Exercise material:
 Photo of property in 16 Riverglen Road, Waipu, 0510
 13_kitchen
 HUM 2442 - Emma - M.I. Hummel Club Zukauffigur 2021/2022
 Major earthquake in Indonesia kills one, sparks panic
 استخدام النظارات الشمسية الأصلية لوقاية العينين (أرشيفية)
---
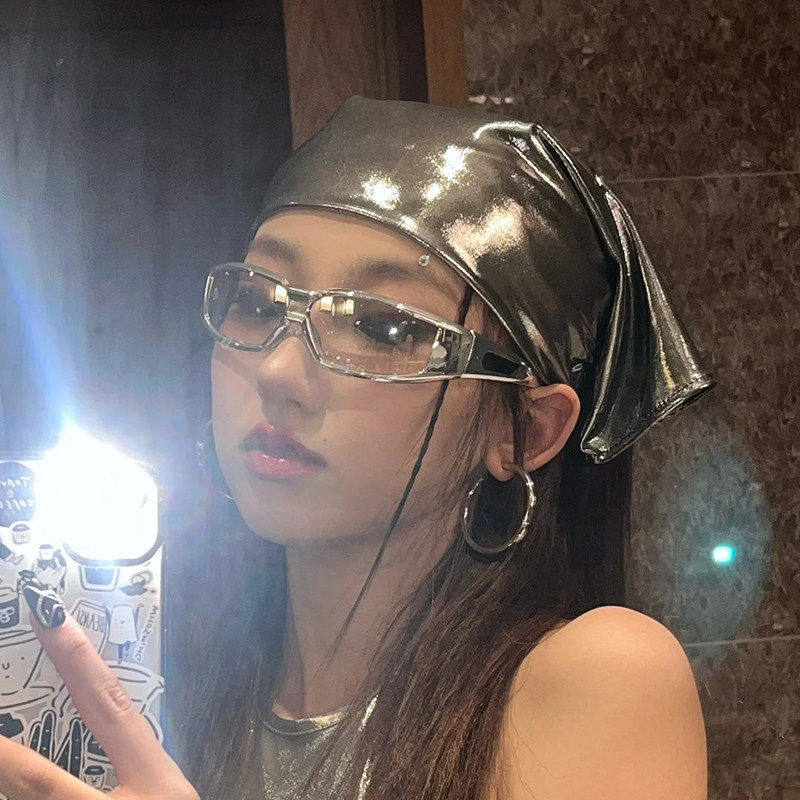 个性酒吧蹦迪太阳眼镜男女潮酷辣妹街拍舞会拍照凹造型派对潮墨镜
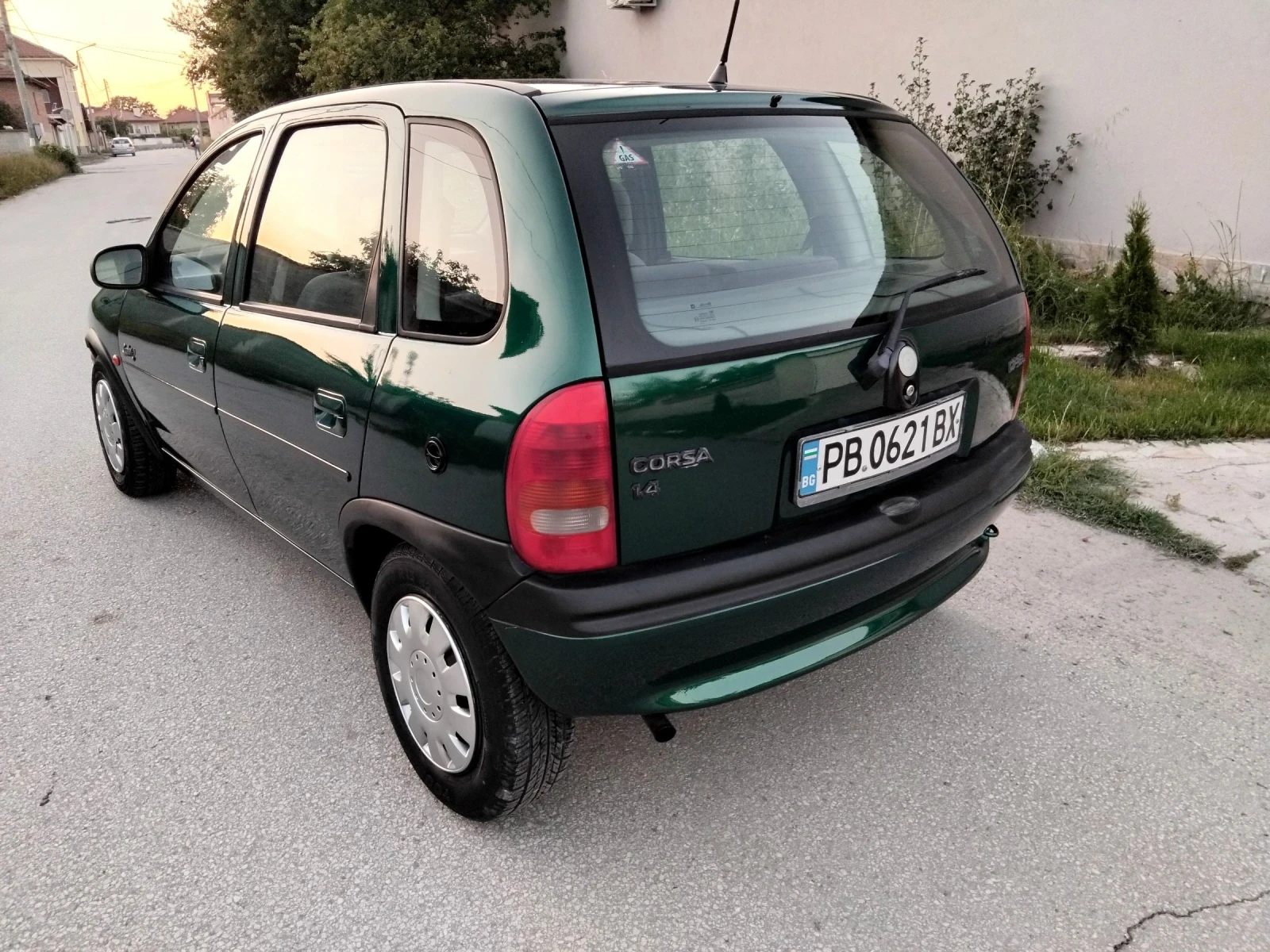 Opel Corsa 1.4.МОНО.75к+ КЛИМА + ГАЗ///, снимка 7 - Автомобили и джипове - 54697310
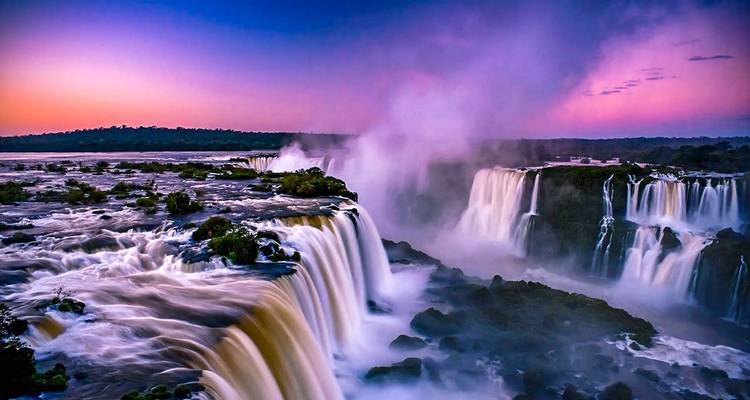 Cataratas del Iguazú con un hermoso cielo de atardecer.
...
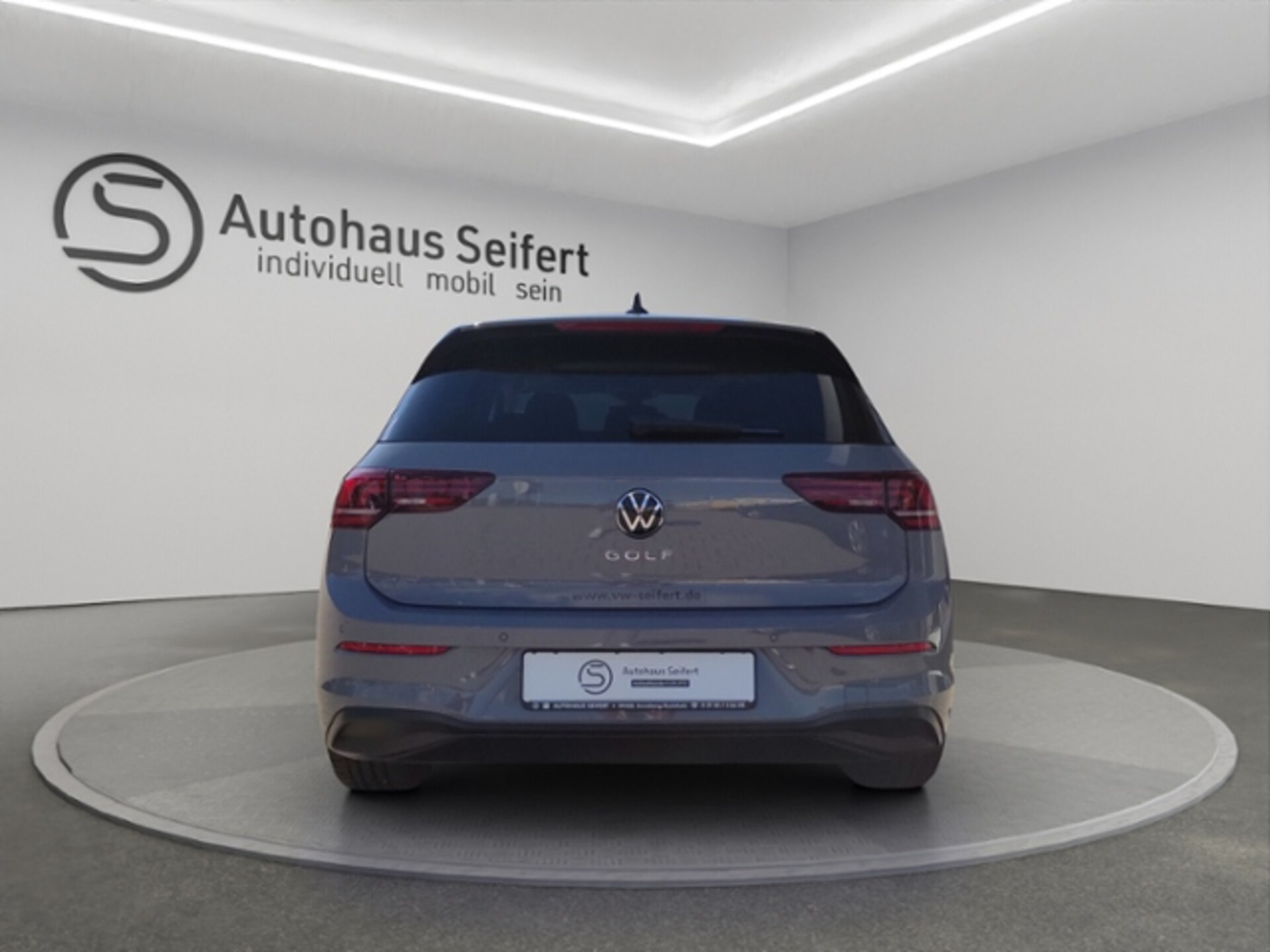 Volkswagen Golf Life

Task statement: Set down, exactly as written above, each line from the one with "个性酒吧蹦迪太阳眼镜男女潮酷辣妹街拍舞会拍照凹造型派对潮墨镜" through the one with "Cataratas del Iguazú", and skip the pictures.

Reply to the exercise:
 个性酒吧蹦迪太阳眼镜男女潮酷辣妹街拍舞会拍照凹造型派对潮墨镜
 Opel Corsa 1.4.МОНО.75к+ КЛИМА + ГАЗ///, снимка 7 - Автомобили и джипове - 54697310
 Cataratas del Iguazú con un hermoso cielo de atardecer.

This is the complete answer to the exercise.